[Aim of the task]: Extract the complete data exactly as given.

[Data excerpt]:
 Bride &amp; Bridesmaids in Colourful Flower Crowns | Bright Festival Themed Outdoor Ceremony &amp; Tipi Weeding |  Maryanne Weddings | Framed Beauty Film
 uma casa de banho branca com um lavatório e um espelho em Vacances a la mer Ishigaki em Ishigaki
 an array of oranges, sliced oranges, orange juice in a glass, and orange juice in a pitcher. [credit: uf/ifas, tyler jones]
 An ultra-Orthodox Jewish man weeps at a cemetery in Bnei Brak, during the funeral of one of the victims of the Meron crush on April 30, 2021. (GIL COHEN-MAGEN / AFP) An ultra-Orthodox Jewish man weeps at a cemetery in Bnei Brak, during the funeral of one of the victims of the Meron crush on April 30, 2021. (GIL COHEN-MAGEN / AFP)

[Answer box]:
 Bride &amp; Bridesmaids in Colourful Flower Crowns | Bright Festival Themed Outdoor Ceremony &amp; Tipi Weeding |  Maryanne Weddings | Framed Beauty Film
 uma casa de banho branca com um lavatório e um espelho em Vacances a la mer Ishigaki em Ishigaki
 an array of oranges, sliced oranges, orange juice in a glass, and orange juice in a pitcher. [credit: uf/ifas, tyler jones]
 An ultra-Orthodox Jewish man weeps at a cemetery in Bnei Brak, during the funeral of one of the victims of the Meron crush on April 30, 2021. (GIL COHEN-MAGEN / AFP) An ultra-Orthodox Jewish man weeps at a cemetery in Bnei Brak, during the funeral of one of the victims of the Meron crush on April 30, 2021. (GIL COHEN-MAGEN / AFP)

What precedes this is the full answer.